Diner Discussion II: The Diner Strikes Back

St. Kermit put a ladder against the cross on the Diner roof and climbed up slowly.

"Hello Silver Tiger!" He called. "How's things?"

Silver Tiger waved as best she could. "Get me down!"

Kermit cut the appropriate ropes and pulled out all the nails. "There you go," he said cheerily.

Silver Tiger climbed down off the cross. "Thanks," she said with evident gratitude. "I can't believe those AndrAIa/Matrix fans are so passionate about their stupid favourite characters. Did they have to get biblical on my ass?"

"Kids are so cruel!" Kermit agreed. "They scare me too. Once I said that I thought AndrAIa was boring--"

Silver Tiger gasped.

Kermit nodded. "I did! I said it outloud!"

"Gosh," Silver Tiger's eyes were round. "You're very brave."

"Shucks," Kermit blushed. "Well, I said I didn't find her very interesting … And out of NOWHERE … All these little girls surrounded me and just started shrieking. I don't know where they came from! They were dark blobs from out of the shadows, like the demons from 'Ghost'! Only with sparkly butterfly barrettes in their hair."

"Yeah, that's their way," Silver Tiger said. "You ought to be more careful."

"I will try next time, I don't want to end up like you, that's for sure." St. Kermit opened the door to Dot's Diner.

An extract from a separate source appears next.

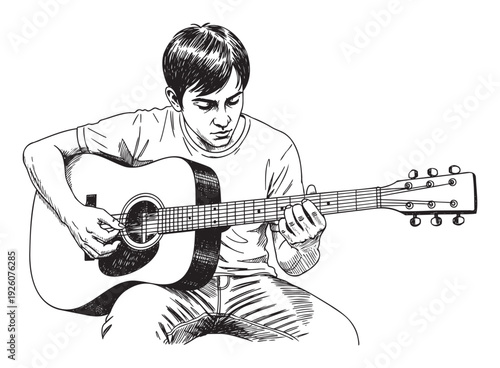 A focused young male enjoying playing an acoustic guitar, perfect for themes related to music education, youth hobbies, and entertainment industry promotions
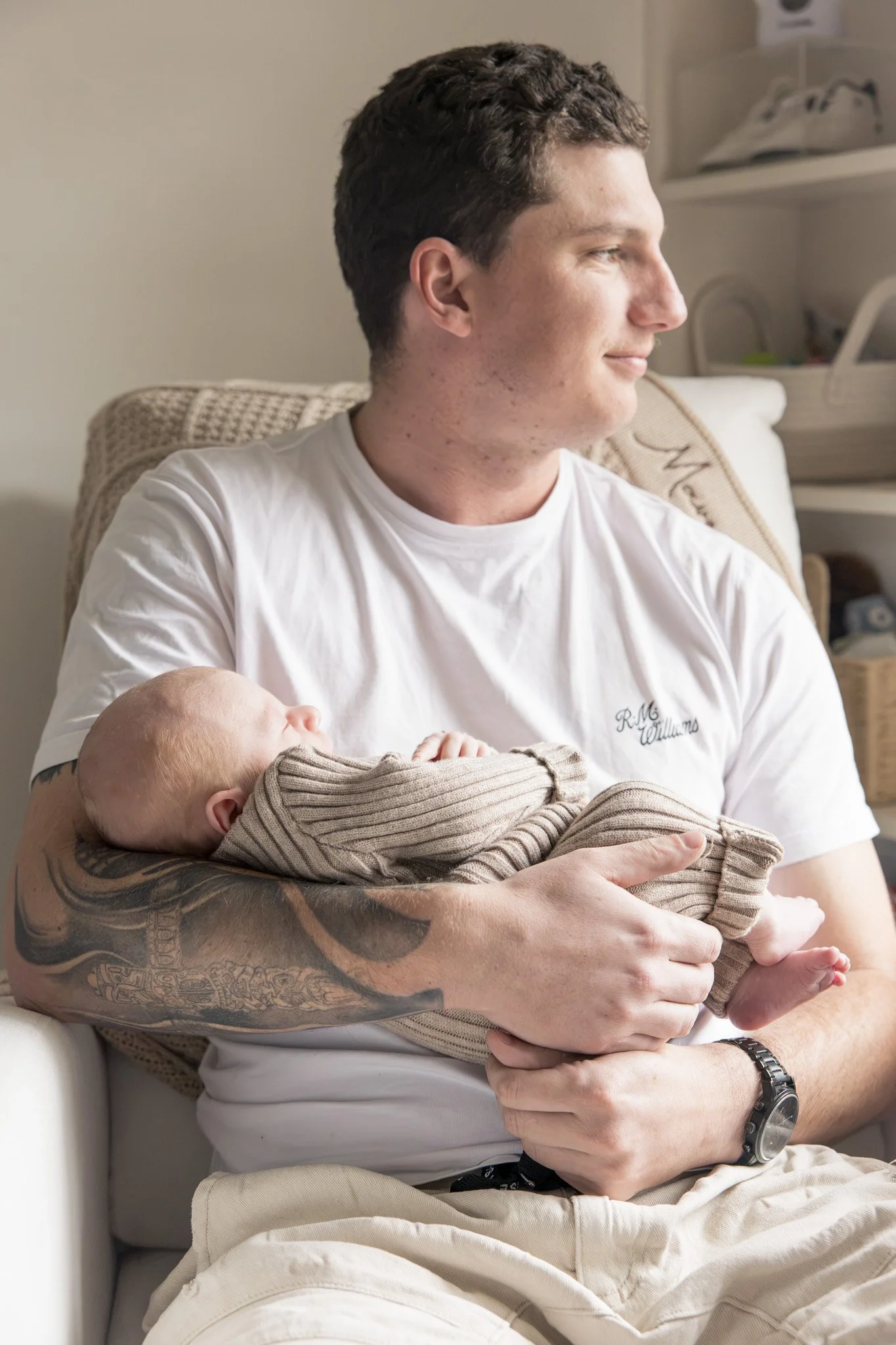 A man holding a baby while sitting on a white couch in a room with a shelf and some items in the background.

"Yeah …" Silver Tiger rubbed the open wounds in her palms. Was her intelligent and pointed criticism worth all the pain? Could she avoid an untimely martyrdom for the sake of ReBoot fanfiction? Were her reviews doomed to constant erasure by the stonecutter conspiracy behind the Junior A&M Appreciation League?

Inside the Diner things were as normal as it gets in a ReBoot fic.

"Hey guys!" AndrAIa waved from her booth. Beside her, Matrix grunted a greeting.

"Why didn't you two do anything when those little kids dragged me outta here and nailed me to the T in Dot's Diner?" Silver Tiger asked. Her feelings were hurt. "You could have at least called for the manticore to rescue me! Or used your powers of levitation … Or conjured up a fireball … Or …"

"Oh, don't be hurt you silly billy," AndrAIa giggled. "I was busy!"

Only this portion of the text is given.